Que será que caracteriza a paternidade? Em primeiro lugar, sem dúvida, é o amor; amor esse que leva os pais a cuidar dos filhos, a protegê-los do mal, a ensinar-lhes a verdade, mas também a exigir-lhes no cumprimento dos deveres à medida que os vão incumbindo de maiores responsabilidades.

Porém, o exercício destas paternidades tem campos diferentes. Aos pais compete a dádiva da vida, papel único e intransmissível, assim como a continuidade da história, tradições e valores familiares, dentro da verdade e do bem. Dos professores e formadores espera-se que ensinem com clareza e verdade as matérias de sua especialidade, mas também que, além da ciência, a acompanhem de sabedoria. Os médicos, por exemplo, devem demonstrar humanidade no cuidado dos doentes, não basta a sua ciência; os empresários, além de procurarem ser bons empreendedores, devem aprender a ser justos: pontuais no pagamento dos ordenados e humanos ao atender a necessidade de descanso dos seus empregados. As pessoas responsáveis, e todos o somos quando nos dispomos a isso, vivem a sua paternidade ajudando os outros; para tal basta seguir o “manual” das bem-aventuranças. Quanto aos sacerdotes... comecemos por alguns factos concretos.

A sua paternidade é, sobretudo espiritual e de bom exemplo. Fica-se chocado com notícias de sacerdotes que não são fiéis à sua vocação. Espera-se deles que, à imagem de Cristo, sejam santos. Nada menos. Foi essa a notícia que nos chegou do México: morreram oitenta sacerdotes, dos quais mais de metade eram jovens, vítimas de covid-19. Quer isto dizer que todos eles estavam tão bem formados e cheios de caridade que foram capazes de sacrificar a sua comodidade para consolar os seus paroquianos, levando-lhes os sacramentos.

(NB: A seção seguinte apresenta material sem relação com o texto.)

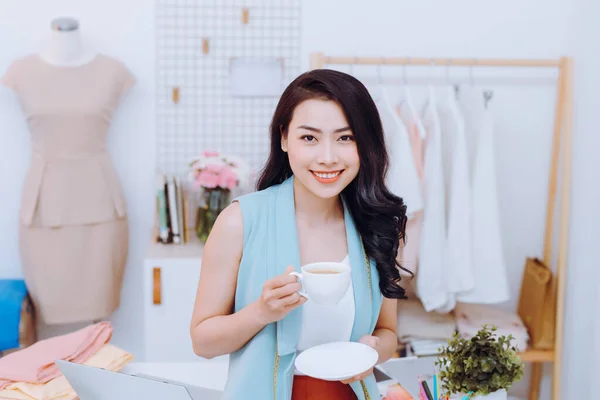 美丽的年轻亚洲时装设计师女商人在她的工作室 而喝咖啡的肖像 — 图库照片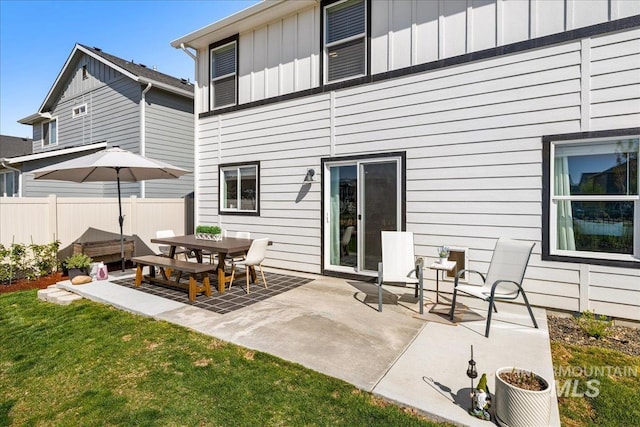 4447 W Everest St, Meridian, ID 83646 - rear view of property with fence, a patio, and board and batten siding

A outra notícia, mais pormenorizada, vem do “ABC”, um jornal espanhol. Fala-nos de Joaquin Cabanyes, sacerdote espanhol do Opus Dei  ordenado pelo Papa João Paulo II. Joaquin licenciou-se em Ciências Químicas na Universidade Autónoma de Madrid, e doutorou-se em Filosofia Eclesiástica pela Universidade de Santa Cruz, em Roma. Começou por exercer o sacerdócio em Espanha, mas considerou o seu país como privilegiado em comparação com outras zonas do mundo onde a sua presença poderia ser mais benéfica. Assim, em 1987, foi para a Nigéria. O seu esforço deu inúmeros frutos: abriu igrejas, residências de estudantes e centros de formação em Uhere, Hillpoint, Uzomiri, Ezindi, Ugwuoma, Eunugu e Lantana, embora no meio de inúmeras dificuldades e, por vezes, doente de malária. Em Madrid, a sua simpatia tinha conseguido alguns apoios e dádivas. Uma sua amiga, Lúcia, organizava torneios de bridge e enviava o dinheiro que conseguia para as iniciativas do Padre Quino. Este repetia o milagre da “multiplicação dos pães”: com importâncias que mal chegariam para levantar um quiosque em Espanha ele construía igrejas e colégios. A amizade com seu o primo, o Pe. Alfonso Cárdernas, levou-o a destinar muitas das ajudas que recebia para a Fundação Cárdenas Rosales.

O Padre Quino poderia ter usufruído de muitos bens materiais se tivesse sido diretor, ou quadro, de uma multinacional química. Também poderia ter usado o título de marquês de Loreto, mas cedeu-o ao seu irmão Luís.

Este sacerdote morreu no dia 13 de julho de 2020, uns dias depois de saber que tinha coronavírus. Foi o seu cunhado, duque de Maura, o autor desta notícia necrológica do jornal “ABC”, de 19 de julho de 2020, da qual retirei estes apontamentos. Este senhor comentou ainda: “Quino foi uma amostra exemplar de tantos sacerdotes e religiosos que dedicam a sua vida a fazer o bem e a ajudar aqueles que mais necessitam, sem a mínima ambição. São os que nunca aparecem nas notícias; por isso creio que merece este obituário no ABC”. No final acrescentou: “Para mim, foi muito bom cunhado, o mais parecido que vi àquilo que supomos ser um santo”.

Não será esta a mais bela forma de paternidade?